Tales Of Our Times: Ideas Are The Victims Of Political Campaigns

Tales Of Our Times

New Mexico Citizens
for Clean Air & Water

Ideas Are The Victims Of Political Campaigns

Entrepreneurs, scientists, and technologists treasure ideas and innovation as the lifeblood of prosperity. The best of music creators, designers, and football coaches poke everywhere to find a ray of new light to combine with the tried and true. Creative companies know that ideas are squelched or sparked by factors as humdrum as the work environment, so they work to create new and better work forums.  

Meanwhile the political system does its best to kill all ideas. We overlook the dusty creep toward this end. What impels this losing game? To begin, ideas are always risky. An idea is a risk first of all because it may fail. A worse risk is if the idea is a huge success and brings some honor and riches to a direct competitor. There’s the rub.  

Politics stays unaware that, by nature, ideas are hybrids, that is, are of mixed stock. Idea breeders call an idea a “feat of association”—a result of looking from different angles to see something not seen before. On occasion, one person is able to look from different angles. More often different people add different angles.        

As John Steinbeck said of his writings, “Ideas are like rabbits. You get a couple and learn how to handle them, and pretty soon you have a dozen.” Supreme Court Justice Oliver Wendell Holmes, Jr. perceived: “Many ideas grow better when transplanted into another mind than in the one where they sprang up.” 

We have a basic human dilemma. An idea by nature combines varied viewpoints, so a sound idea risks having another viewpoint gain partial credit for it. In the worst case, partial credit could take the form of votes for your opponent in the next election. This fearful risk fuels the powerful instinct in politics to kill ideas at the outset.  

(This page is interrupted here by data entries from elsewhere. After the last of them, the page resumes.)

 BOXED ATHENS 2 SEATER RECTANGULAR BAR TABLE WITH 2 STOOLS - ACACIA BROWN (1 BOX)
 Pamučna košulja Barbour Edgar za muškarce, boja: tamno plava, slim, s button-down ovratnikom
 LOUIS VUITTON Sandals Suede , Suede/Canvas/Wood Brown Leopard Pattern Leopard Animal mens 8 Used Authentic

Politics has its ways that easily kill. A common means of squelching ideas uses the common pool of principles. It is not as innocent as it seems. Principles may lead to ideas and an invention, but they are not invention. Principles do not make anything. Millions of people came and went knowing the principles that E = IR and materials cannot burn without oxygen. Yet it took the versatile mind of Thomas Edison to combine these two concepts and invent a useful incandescent light bulb.

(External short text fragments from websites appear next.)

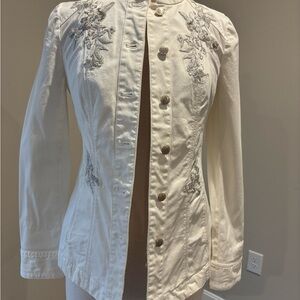White House Black Market Ivory Embroidered Jean Jacket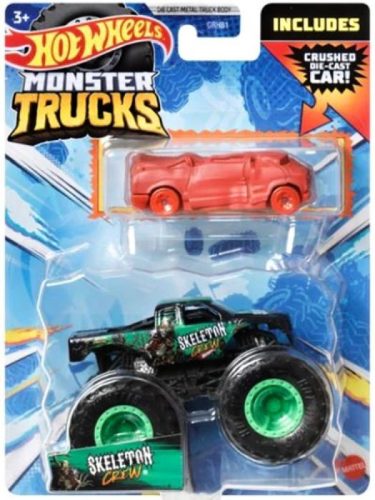 Hot Wheels Monster Truck autó + roncs autó (többféle) 1 szett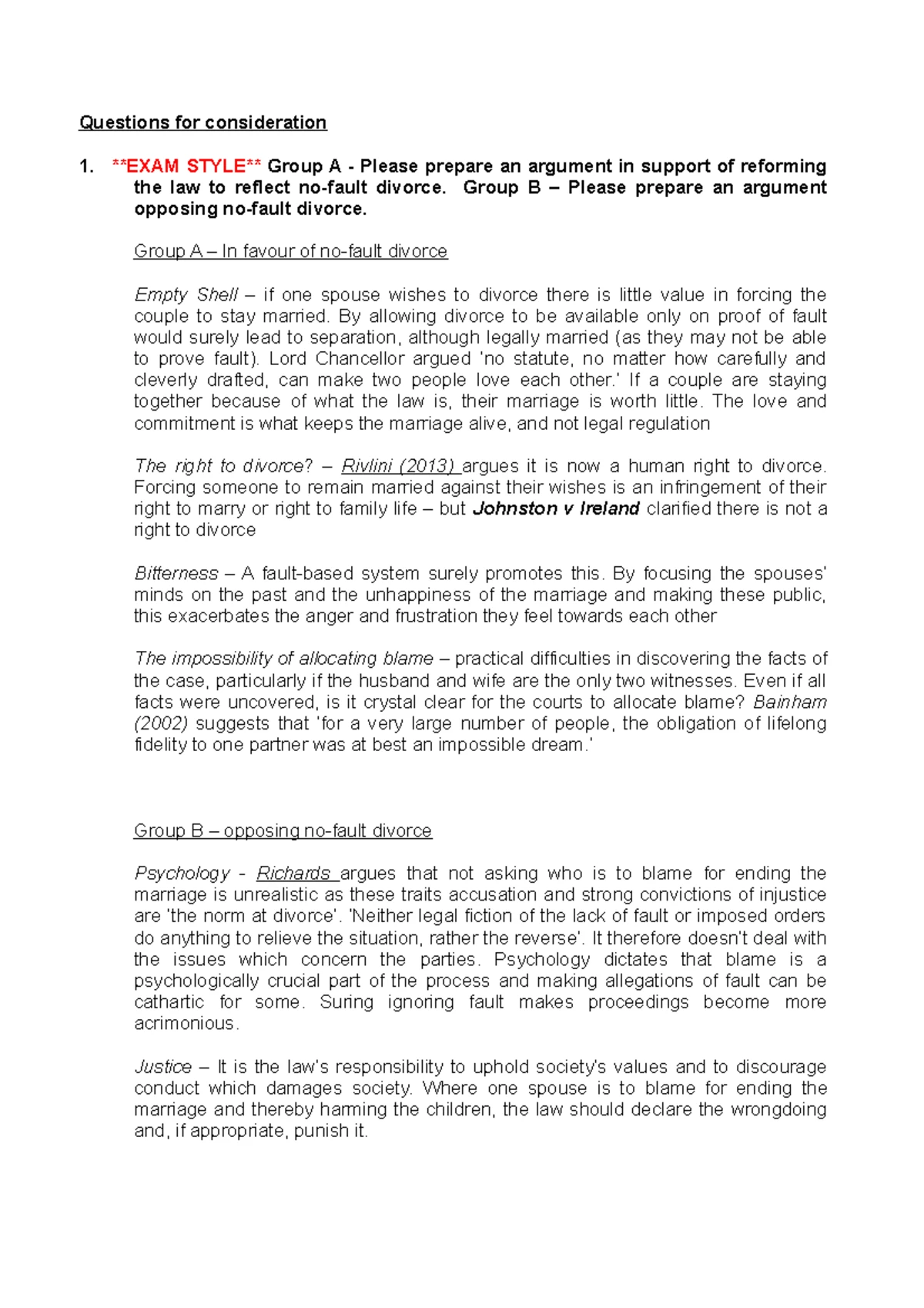 LAW 240 Week 3: Workshop Qs on Legal Parenthood & IVF - Studocu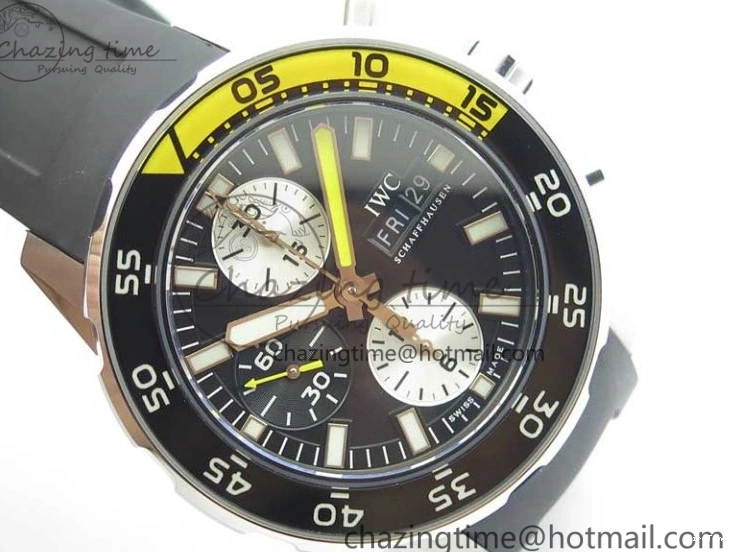 MIROTIME 0216 Aquatimer Chrono IW376702 SS BLS 1:1 Best Edition Black Dial on Black Rubber Strap A WellDesigned 7105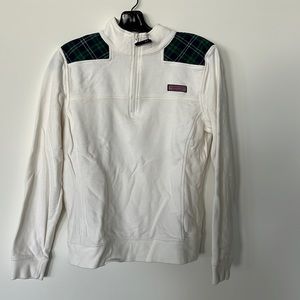 Cream & Plaid quarter zip by Vineyard Vines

Given a societal problem to work on, Republicans recite the words “freedom” and “liberty.” Then say them again. In return, Democrats say their principal words—“justice,” “equality.” Then again. Each party repeats its “principles” as if they were party ideas. None is a map for getting results. Should we work on having liberty or work on justice for all groups? Those words sound vaguely familiar, but why? ..Ah! It is our nation’s Pledge of Allegiance, which ends, “…with liberty and justice for all.” The words in that fleeting moment make no distinction between parties.

In sum, the parties match each other in pledging allegiance to our indivisible nation. Then each party pursues its separate choices of the principles that stand together in our common pledge. No principle is a tangible item, such as a light bulb. The principles all hold. And any ideas from combined principles are all dead.

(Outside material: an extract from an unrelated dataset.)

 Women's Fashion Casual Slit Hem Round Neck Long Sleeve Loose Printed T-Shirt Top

Another routine way to kill ideas is the quasi-debate. Theory says good ideas grow with debate and rise to the top; bad ideas fall away. The theory is sound, but it cannot work when the debate spends itself on the flaws of the person or party proposing an idea. Political debate has shriveled to this poor proxy.       

Our nation sees, admires, and prospers from endless ideas streaming from science, technology and business. New and better ideas grow where the streams mix and mix again. Only in bastions of politics do people believe advances depend on repelling every grain of thought from outside the walls.   

Uncle Sam needs ideas to thrive. Ideas (like a light bulb) must spot key principles and connect them.